▸ **Data for review**:
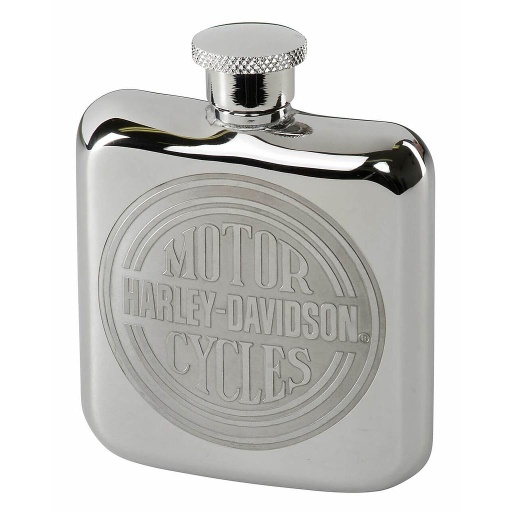 [HDL-18596] Engraved Circle H-D Logo Stainless Steel Hip Flask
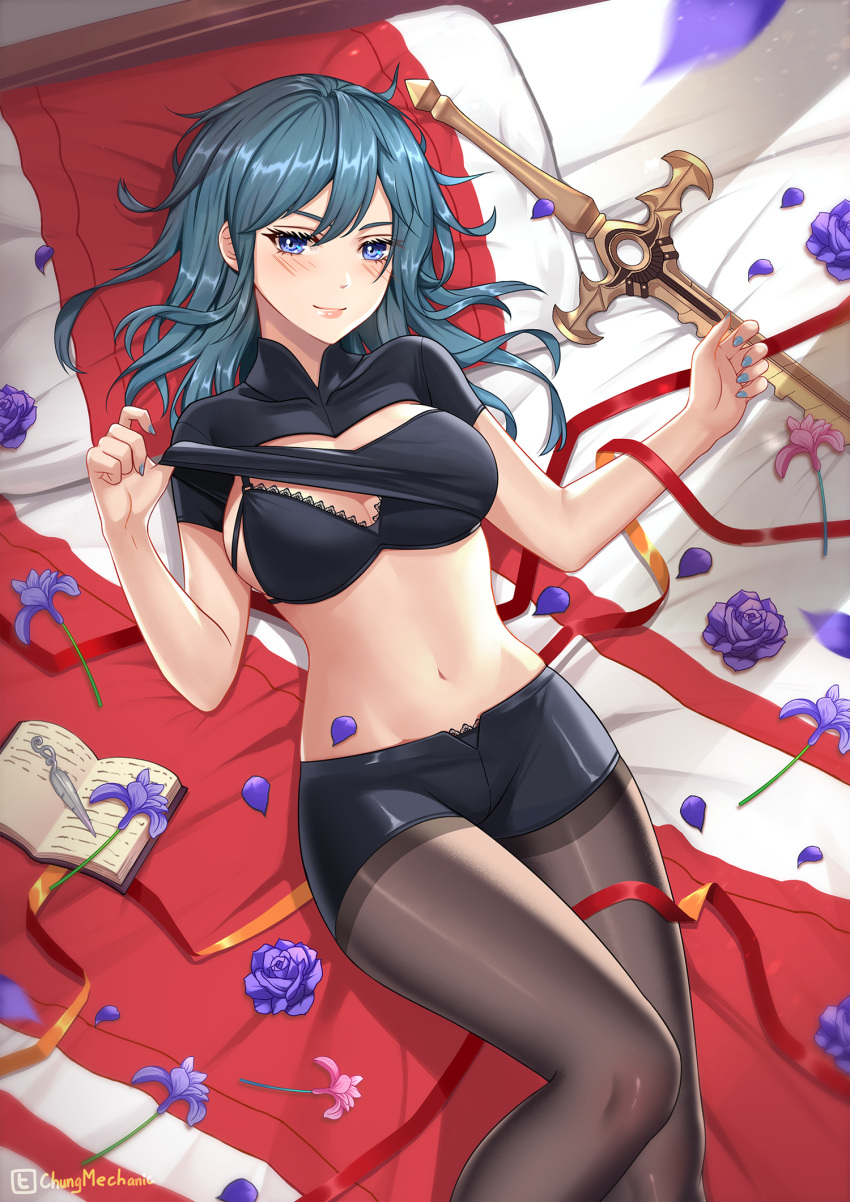 1girls big_breasts black_panties blue_eyes byleth_(fire_emblem) byleth_(fire_emblem)_(female) chungmechanic female female_only fire_emblem fire_emblem:_three_houses large_breasts looking_at_viewer medium_hair nintendo on_back on_bed panties pantyhose pantyhose_under_shorts shorts smile solo solo_female striptease sword sword_of_the_creator teal_hair undressing weapon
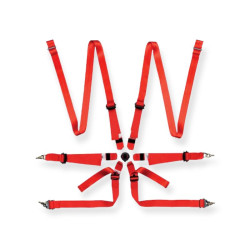 6 POINT HARNESS FIA RED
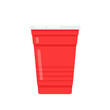 © Supakorn - Red beer cup vector. Red plastic cup isolated on white background.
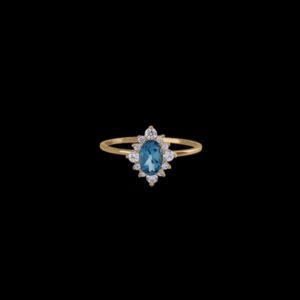 Anillo Petite de oro y topacio London Galerne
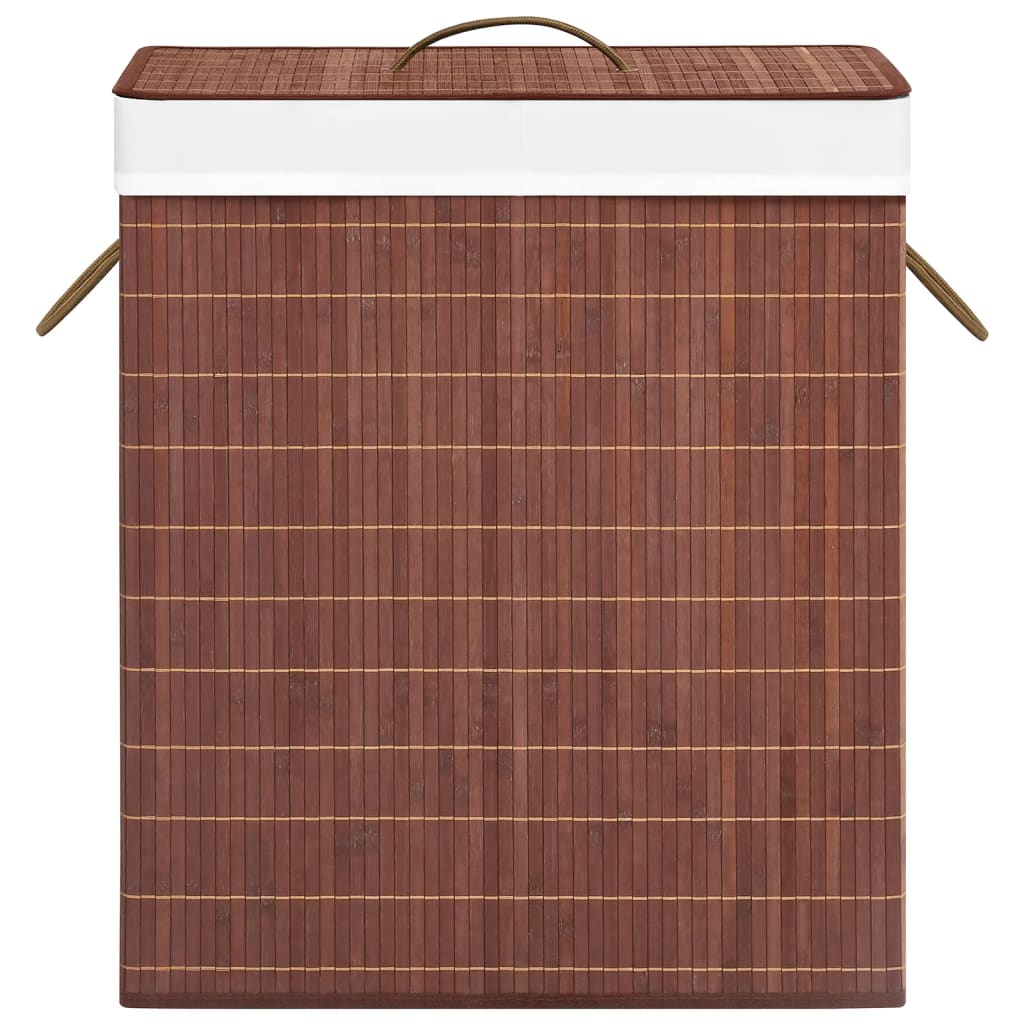 Bamboo laundry basket with 2 compartments, brown, 100 L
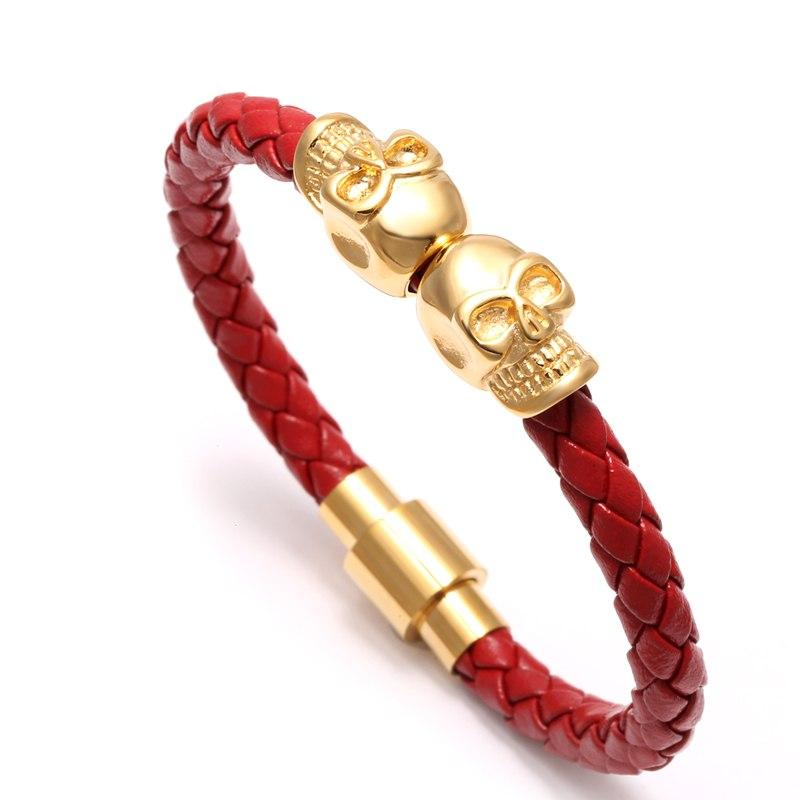 19/20cm Men Leather Jewelry Black Genuine Leather Gold Stainless Titanium Steel Double Skull Bracelet Bangles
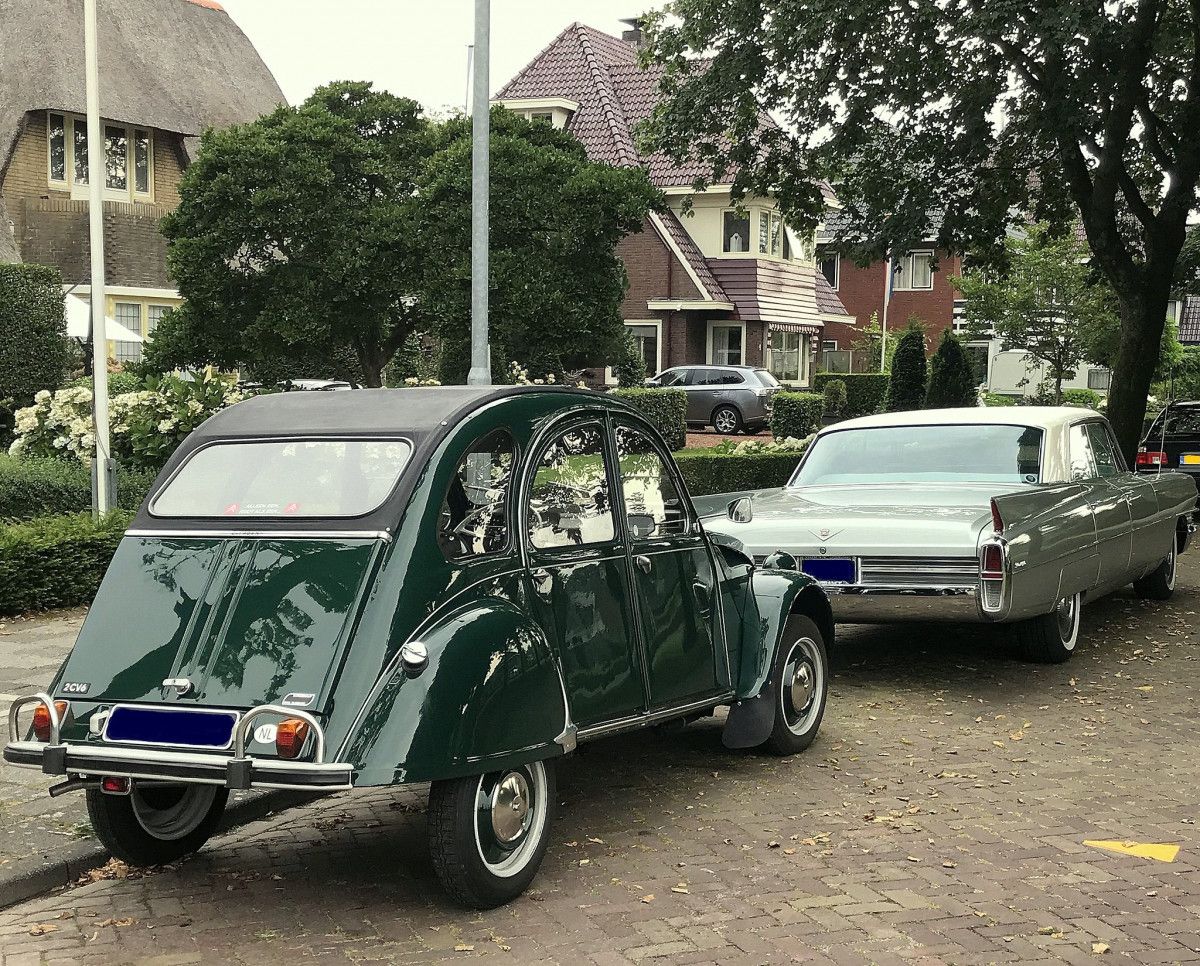 Cohort Pic(k) of the Day #2: Two Sedans From 1963 by MG Ironically the 2CV actually rode smoother over rough pavement than the Cadillac.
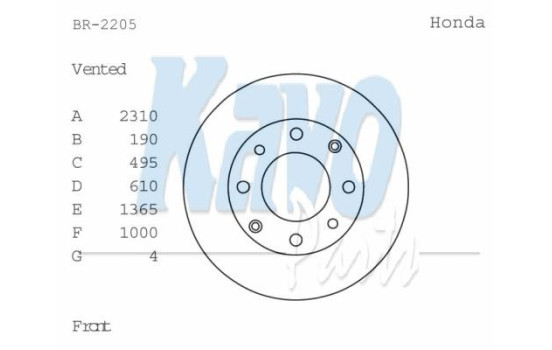 Disco de freno BR-2205 Kavo parts, Imagen 2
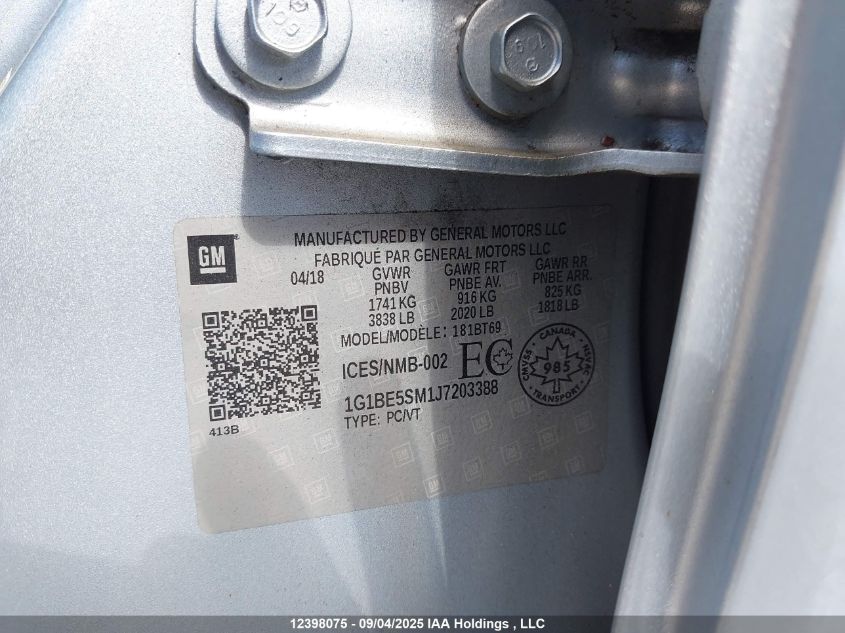 2018 Chevrolet Cruze VIN: 1G1BE5SM1J7203388 Lot: 12398075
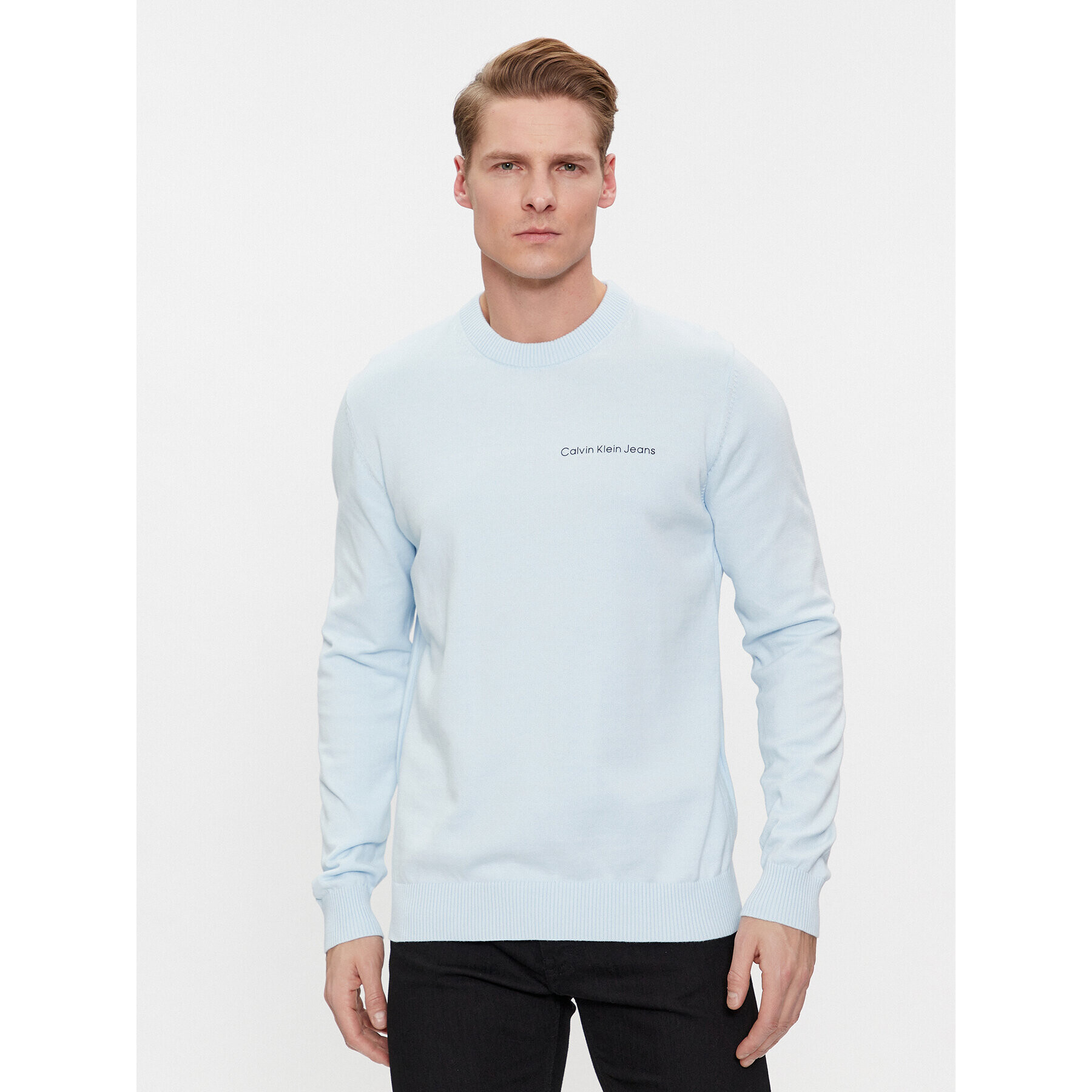 Calvin Klein Jeans Пуловер Institutional Essentials Sweater J30J324974 Син Regular Fit - Pepit.bg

▸ **What you will do**: Without including any pictures, output all the entries above exactly.

▸ **Solution to this problem**:
 [HDL-18596] Engraved Circle H-D Logo Stainless Steel Hip Flask
 1girls big_breasts black_panties blue_eyes byleth_(fire_emblem) byleth_(fire_emblem)_(female) chungmechanic female female_only fire_emblem fire_emblem:_three_houses large_breasts looking_at_viewer medium_hair nintendo on_back on_bed panties pantyhose pantyhose_under_shorts shorts smile solo solo_female striptease sword sword_of_the_creator teal_hair undressing weapon
 6 POINT HARNESS FIA RED
 © Supakorn - Red beer cup vector. Red plastic cup isolated on white background.
 Anillo Petite de oro y topacio London Galerne
 Bamboo laundry basket with 2 compartments, brown, 100 L
 19/20cm Men Leather Jewelry Black Genuine Leather Gold Stainless Titanium Steel Double Skull Bracelet Bangles
 Cohort Pic(k) of the Day #2: Two Sedans From 1963 by MG Ironically the 2CV actually rode smoother over rough pavement than the Cadillac.
 Disco de freno BR-2205 Kavo parts, Imagen 2
 2018 Chevrolet Cruze VIN: 1G1BE5SM1J7203388 Lot: 12398075
 Calvin Klein Jeans Пуловер Institutional Essentials Sweater J30J324974 Син Regular Fit - Pepit.bg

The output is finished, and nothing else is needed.